SASHA STONE: Diane Keaton Was One of a Kind.
Her career spanned over 60 films, and her range extended from screwball comedies like Play It Again, Sam, Sleeper, and Annie Hall to serious dramas like The Godfather I and II.
Woody Allen made her a star and captured her spirit in Annie Hall. The film is a loose sketch of her original name, Diane Hall, which she changed to Diane Keaton. How she transitioned from someone naive to someone more sophisticated and educated, ultimately leaving him behind. I’ve seen it so many times I could recite almost the entire movie by heart.
Speaking of which: Diane Keaton’s Best Roles from The Godfather to Annie Hall. Two guesses as to what the London Times considers her best role:
This is Keaton’s everything. Annie Hall is the star-making moment, when she erupted into the movie-going consciousness as a new and idealised, never-seen-before female protagonist. She was bookish, sporty, quirky, confident, nervous, open, reserved and prone, in moments of extreme anxiety, to staring at the ground and sighing in a singsong voice, “Oh well, la dee dah, la dee dah.” She dressed like Buster Keaton and was the perfect vehicle for Allen’s postmodern rom-com, a film that mish-mashed the French New Wave with Preston Sturges comedies and TV documentaries. She embodies the character and the film. The Oscar win for best actress was rarely more deserved.

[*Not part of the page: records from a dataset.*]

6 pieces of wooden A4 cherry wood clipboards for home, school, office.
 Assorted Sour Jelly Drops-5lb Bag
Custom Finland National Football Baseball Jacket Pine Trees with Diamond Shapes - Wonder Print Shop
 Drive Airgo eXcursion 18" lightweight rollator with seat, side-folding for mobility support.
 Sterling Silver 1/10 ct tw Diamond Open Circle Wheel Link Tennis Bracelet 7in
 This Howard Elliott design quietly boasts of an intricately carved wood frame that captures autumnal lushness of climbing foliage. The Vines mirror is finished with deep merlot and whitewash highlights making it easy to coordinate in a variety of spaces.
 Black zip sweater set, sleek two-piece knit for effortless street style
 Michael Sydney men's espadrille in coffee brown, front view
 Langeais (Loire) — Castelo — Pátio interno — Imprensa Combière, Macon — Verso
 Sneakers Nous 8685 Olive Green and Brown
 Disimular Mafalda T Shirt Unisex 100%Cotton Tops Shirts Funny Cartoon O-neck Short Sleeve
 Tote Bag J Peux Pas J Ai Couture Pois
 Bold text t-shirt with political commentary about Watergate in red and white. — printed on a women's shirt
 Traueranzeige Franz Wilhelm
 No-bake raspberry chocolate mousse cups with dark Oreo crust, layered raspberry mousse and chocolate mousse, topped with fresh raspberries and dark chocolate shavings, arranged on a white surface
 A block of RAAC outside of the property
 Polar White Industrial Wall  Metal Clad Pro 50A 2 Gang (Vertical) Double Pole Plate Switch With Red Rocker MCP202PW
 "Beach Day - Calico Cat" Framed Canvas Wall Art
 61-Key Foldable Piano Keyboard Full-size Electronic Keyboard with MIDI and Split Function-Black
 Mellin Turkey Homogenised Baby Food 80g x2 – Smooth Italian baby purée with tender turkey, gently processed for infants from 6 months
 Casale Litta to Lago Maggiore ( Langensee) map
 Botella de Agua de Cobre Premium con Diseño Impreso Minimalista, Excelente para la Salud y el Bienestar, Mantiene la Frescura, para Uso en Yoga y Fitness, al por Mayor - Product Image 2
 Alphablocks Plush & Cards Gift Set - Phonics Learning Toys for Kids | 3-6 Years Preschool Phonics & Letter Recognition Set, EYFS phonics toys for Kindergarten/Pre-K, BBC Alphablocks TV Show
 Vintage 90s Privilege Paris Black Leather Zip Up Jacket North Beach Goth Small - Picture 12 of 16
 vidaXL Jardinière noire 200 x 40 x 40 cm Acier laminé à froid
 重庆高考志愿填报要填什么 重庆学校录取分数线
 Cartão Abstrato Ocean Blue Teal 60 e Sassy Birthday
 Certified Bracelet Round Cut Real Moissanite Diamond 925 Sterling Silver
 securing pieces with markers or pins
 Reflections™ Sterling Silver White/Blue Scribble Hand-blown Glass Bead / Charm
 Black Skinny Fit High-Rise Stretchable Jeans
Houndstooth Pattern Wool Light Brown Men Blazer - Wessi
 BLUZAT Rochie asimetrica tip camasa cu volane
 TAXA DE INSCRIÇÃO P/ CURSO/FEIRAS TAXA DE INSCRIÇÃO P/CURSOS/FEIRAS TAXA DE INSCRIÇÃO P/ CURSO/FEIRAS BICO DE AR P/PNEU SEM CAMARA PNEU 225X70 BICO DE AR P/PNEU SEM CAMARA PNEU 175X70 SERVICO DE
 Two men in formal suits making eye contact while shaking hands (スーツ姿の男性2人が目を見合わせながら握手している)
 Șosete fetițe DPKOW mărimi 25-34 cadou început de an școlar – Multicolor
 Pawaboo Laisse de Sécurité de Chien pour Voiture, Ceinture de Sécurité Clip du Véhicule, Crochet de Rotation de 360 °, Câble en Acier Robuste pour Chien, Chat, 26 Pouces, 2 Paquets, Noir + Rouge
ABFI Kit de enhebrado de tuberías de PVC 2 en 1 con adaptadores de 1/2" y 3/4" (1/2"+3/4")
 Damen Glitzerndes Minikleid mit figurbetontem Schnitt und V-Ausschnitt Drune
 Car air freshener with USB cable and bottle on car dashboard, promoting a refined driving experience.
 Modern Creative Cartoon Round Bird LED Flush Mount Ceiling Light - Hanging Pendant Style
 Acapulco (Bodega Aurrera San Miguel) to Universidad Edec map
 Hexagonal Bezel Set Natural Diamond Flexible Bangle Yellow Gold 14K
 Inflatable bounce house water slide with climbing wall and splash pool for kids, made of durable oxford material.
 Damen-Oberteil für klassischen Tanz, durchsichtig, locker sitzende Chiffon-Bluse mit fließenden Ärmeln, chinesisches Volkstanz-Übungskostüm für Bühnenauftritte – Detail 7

Despite Star Wars smashing box office records in 1977, it was beaten out for best picture at the Academy Awards by Annie Hall in large part due to the latter’s repeated showings on Z Channel, the movie-oriented L.A. cable TV channel, which was required viewing for everyone in the industry. As the Washington Post noted in 1988:
Most years around this time, at least one film gets a special Academy Awards push via home video. The practice started in 1977, when frequent showings of “Annie Hall” on the Z Channel — an all-movie cable channel broadcast only in Los Angeles and widely watched within the film industry — were deemed largely responsible for that movie’s Best Picture award.